Tammie Thornton

Personal information
- Date of birth: 5 January 1976 (age 50)

Youth career
- Stratford Dolphins

College career
- Years: Team / Apps / (Gls)
- 2000: University of Mobile / 18 / (15)
- 2001–2003: Barry University / 61 / (28)

Senior career*
- Years: Team / Apps / (Gls)
- 1996–2000: QAS
- 2001: Springfield Sirens
- 2002: Stratford Dolphins
- Queens Park Rangers
- 2005–2006: Chelsea / 11 / (1)

International career
- 1996–1997: Australia / 19 / (0)

= Tammie Thornton =

Australian soccer player (born 1976)

Tammie Thornton (born 5 January 1976) is an Australian former soccer player who played for Australia 19 times.

==Club career==
Thornton began playing at the age of 14, with her youth football being played in Cairns for Stratford Dolphins. She later relocated to Brisbane.

Thornton joined the Queensland Academy of Sport ahead of the 1996–97 Women's National Soccer League season and made her debut in early 1997.

Thornton was on the squad for the Springfield Sirens in the 2001 USL W-League.

During the break in the university season, Thornton turned out for her hometown club Stratford Dolphins in Cairns.

==College career==
Between 2001 and 2003, Thornton played for the Barry University women's soccer team.

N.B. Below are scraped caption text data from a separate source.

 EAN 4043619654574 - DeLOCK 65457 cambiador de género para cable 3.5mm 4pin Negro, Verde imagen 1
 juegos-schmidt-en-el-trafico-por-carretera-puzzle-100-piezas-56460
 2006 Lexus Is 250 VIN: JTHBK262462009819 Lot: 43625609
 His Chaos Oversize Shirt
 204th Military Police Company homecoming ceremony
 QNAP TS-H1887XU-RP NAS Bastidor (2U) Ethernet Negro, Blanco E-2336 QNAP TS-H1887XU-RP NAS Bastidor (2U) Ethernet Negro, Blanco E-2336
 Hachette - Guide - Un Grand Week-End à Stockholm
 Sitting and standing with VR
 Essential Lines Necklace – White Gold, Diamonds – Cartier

In 2000, Thornton joined the University of Mobile's women's soccer team, scoring 15 times from 18 games.

==International career==
In 1996, Thornton played her first match for the Australia women's national soccer team as a second half substitute against New Zealand in March 1996.

Thornton played the last of her 19 national team appearances in 1997.